When interviews reveal that documentation does not match implementation, it is valuable to ask the question, “why?”. The well-known 5Y method states that in order to get to the root of an issue and not just deal with the symptoms, “why?” should be asked approximately five times. By employing this mindset, the assessor often reveals the most useful insights to an organization. In the below example, the symptoms of the issue include production downtime, lack of consistent testing, and not enough headcount. The identified root issue is that there is not a documented method for conducting tests and a lack of adequate training in tasks. By asking why repeatedly, the assessor is able to change from a weaker recommendation regarding additional testing to a stronger one that identifies how to promote efficient testing with their identified limited resources.
Original Recommendation: Additional testing should be performed before implementing changes in a production environment.
Recommendation After 5Y: Develop written testing procedures and include training of Jr. Engineers in the Principle Engineer’s job responsibilities to encourage thorough and consistent testing before implementation of changes in a production environment.
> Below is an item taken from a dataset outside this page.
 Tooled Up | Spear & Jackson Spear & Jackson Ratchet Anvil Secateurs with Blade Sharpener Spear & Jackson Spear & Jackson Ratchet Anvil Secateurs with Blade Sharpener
Don’t just write, communicate
An assessor is only as good as their report. Writing communication is key to a successful risk assessment, and it is important to know the audience of the assessment or sections of the assessment. An executive summary should be written in a very different manner than a section meant for an Information Systems principal.
It is important to be as precise as possible, stating only findings and recommendations that can be proven as true, and avoiding inferred findings or recommendations. At the end of the day, putting all of the gathered findings and recommendations together in a clear manner will give the organization a valuable tool for making informed risk decisions in the future.